Some interesting books in the TLS this week:
Netflix, The Chair. [Reviewed by Patricia A. Matthew. A tv drama set in a US English department and focused on tensions created by race and tenure decisions. Stars Sandra Oh as the chair.]
Tristram Hunt, The Radical Potter: Josiah Wedgewood and the transformation of Britain [Reviewed by Keith Thomas. Engaging biography of the eighteenth century industrialist and artist Josiah Wedgewood, who made a fortune and changed the artistic tastes of a country that was starting to drink a lot more tea and developing more sophisticated rituals surrounding its consumption. The biography is written by Tristram Hunt, director of the Victoria and Albert Museum, who used to be MP for Stoke, which Wedgewood did much of his work. Hunt had been involved in efforts to save the Wedgewood collection as an MP, and this biography would seem to be an outcome of that interest.

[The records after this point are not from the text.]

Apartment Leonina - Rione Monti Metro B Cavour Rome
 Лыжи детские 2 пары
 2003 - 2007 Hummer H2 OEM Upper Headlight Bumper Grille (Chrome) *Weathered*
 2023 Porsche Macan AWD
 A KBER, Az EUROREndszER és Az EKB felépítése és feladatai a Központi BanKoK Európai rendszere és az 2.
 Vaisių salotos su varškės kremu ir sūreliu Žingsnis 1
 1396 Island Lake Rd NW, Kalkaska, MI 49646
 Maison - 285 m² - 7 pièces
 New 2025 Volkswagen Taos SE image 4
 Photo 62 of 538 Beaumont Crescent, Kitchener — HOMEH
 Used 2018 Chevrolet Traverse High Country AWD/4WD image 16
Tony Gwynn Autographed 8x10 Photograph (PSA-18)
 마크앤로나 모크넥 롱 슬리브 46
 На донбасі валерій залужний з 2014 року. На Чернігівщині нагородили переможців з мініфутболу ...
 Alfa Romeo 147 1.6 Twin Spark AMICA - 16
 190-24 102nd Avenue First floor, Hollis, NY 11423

Minouche Shafik, What we owe each other: a new social contract; Ed Miliband GO BIG: How to fix our world; Ian Goldin: From global crisis to a better world. [Reviewed by Ann Peteitfor. Three books proposing ways to recover from the Covid-19 pandemic. It sounds like Ed Milibands book is the most genuinely radical, and takes into account the challenge that global warming poses to the doctrine of constant growth, whereas the other two are more orthodox in their approach. Minoche Shafik is director of the LSE, so probably no surprise she is an economic liberal.]